Turning to the 'how' of what we were going to attempt - a reminder that we've decided to create an interactive program that both responds to emotion and offers up generated textual responses in a creative way as a form of poetics - I looked for the state of the art for emotion recognition. I found this, which was useful: https://nordicapis.com/20-emotion-recognition-apis-that-will-leave-you-impressed-and-concerned/.

I was starting to understand the scale of the issue and realising that we would probably have to limit our ambition a little (I believe Jérémie was finding the same on the text side of things). I looked at Microsoft's Project Oxford and at some other proprietary technologies, and quickly realised our solution had to be:

  • Open source
  • Free
  • Real-time / video capable
  • Supported and / or with plug ins

This limited me realistically to using environments and languages we were using on the course. I looked into using Open Frameworks but connecting that up with a text generator seemed tricky. After discussion, Jérémie and I realised that an API-first solution was not going to be plausible. We finally settled on using Processing - with its many libraries (including a well-documented OpenCV library and very simple video capture) and its text drawing and string manipulation capabilities, we could do everything in one 'box'. And the bonus was we could port it very easily to a website from there.

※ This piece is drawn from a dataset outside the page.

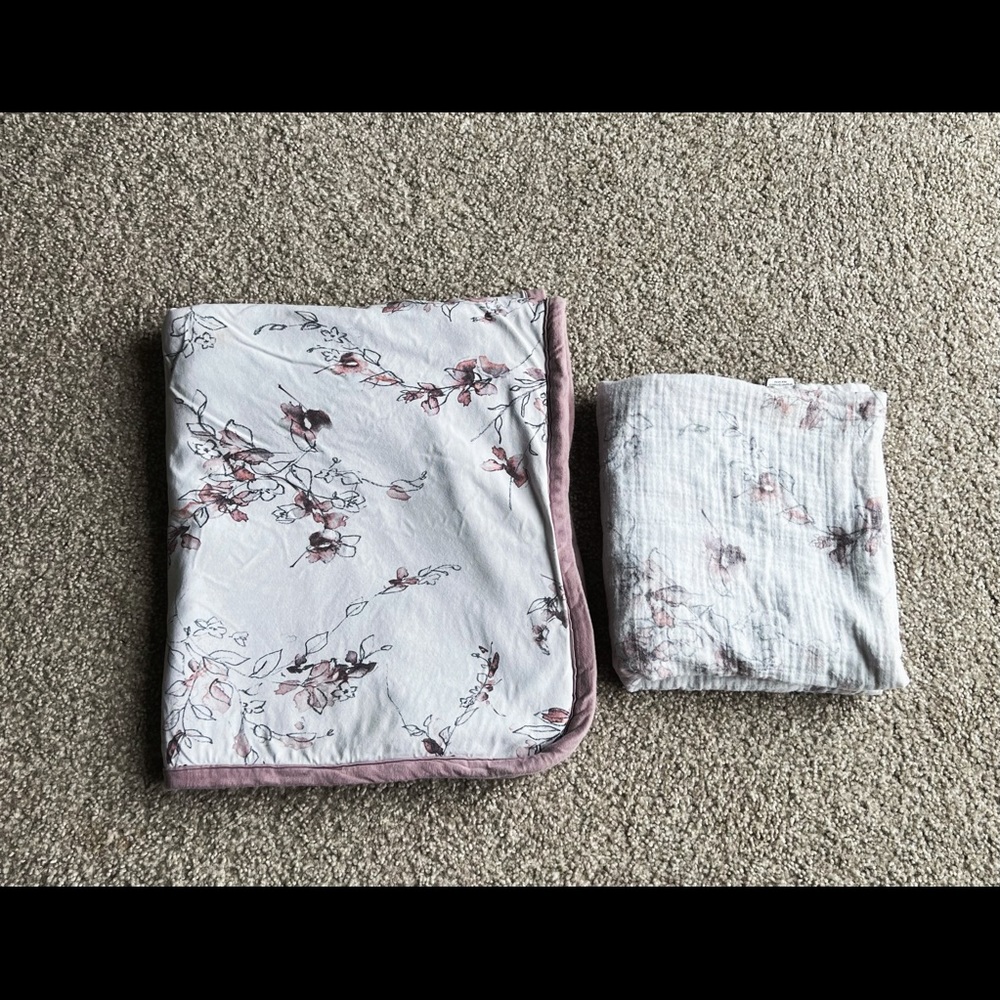 Plush blanket and matching muslin swaddle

We had initially wanted to make people smile for their poems - the title of the piece became 'SMILE POETRY GOD' at one point, whether we'll keep that I don't know - and I found a hacky way to do this using someone else's work - Bryan Chung has written a library for processing that does 'smile detection': http://www.magicandlove.com/blog/2011/05/04/smile-detection-in-processing-mac-osx/

Meanwhile Jérémie has created a timed generative poetry tool in Processing. We're getting somewhere - just need to work out how to join it all together.

Week 8: Research Project - from prototype to artefact

I take a side route this week and concentrate on working with text in processing to see if I can get anything going. We have a rich tradition of nonsense/found/generative/randomised 'poetry' to draw on and so I'm happy to make something that 'feels' like something that I might have enjoyed stumbling across in the blogoverse years ago and call it art.

Some references:


I find a selection of wordlists online that we can work with - Jérémie has been looking at dictionaries but I just need to use something as a proof of concept - this accidental find proves very useful:

https://en.oxforddictionaries.com/explore/word-lists

This is exactly what I need - a list of words with meanings that 'sound' poetical. I go with the 'Literary' list. After some work, I get a poem generator. The poems make me laugh a lot. Here are some examples...

I also editorialised these a bit - selecting specific words myself for the start and end of the titles, and also allowing the wordlist to be broken a little bit.

Some definitions snuck through, and were broken up over lines in the list, which is useful because they contain different parts of speech. I also added in punctuation - and randomised all of these elements.

Basic random() functions are best here, rather than Perlin noise, because we want each line choice and title choice to have an equal chance of beginning with a different letter - otherwise we might end up with more alliterative poetry, because the list is in alphabetical order.

Integrating the CV with this was tricky - and Jérémie, working separately, discovered an issue with our 'borrowed' PSmile library when you port the Processing sketch to P5.js - it just didn't work, and with no way of opening up the hood we had to abandon this if we wanted our final artefact to be a web page.

So we abandoned this - and instead created a program that reacted to the presence of a face. This could use the supported OpenCV library. It still took a while to get this right, and to organise the logic of what the sketch did when a face was identified.

Eventually, however - we got something. Not what we initially planned - a much reduced thing in terms of functionality - but a starting point. Options now included playing with the interactivity, playing with the response, and changing the aesthetics of the 'poems' through typography and through the type of words or phrases included in the underlying data.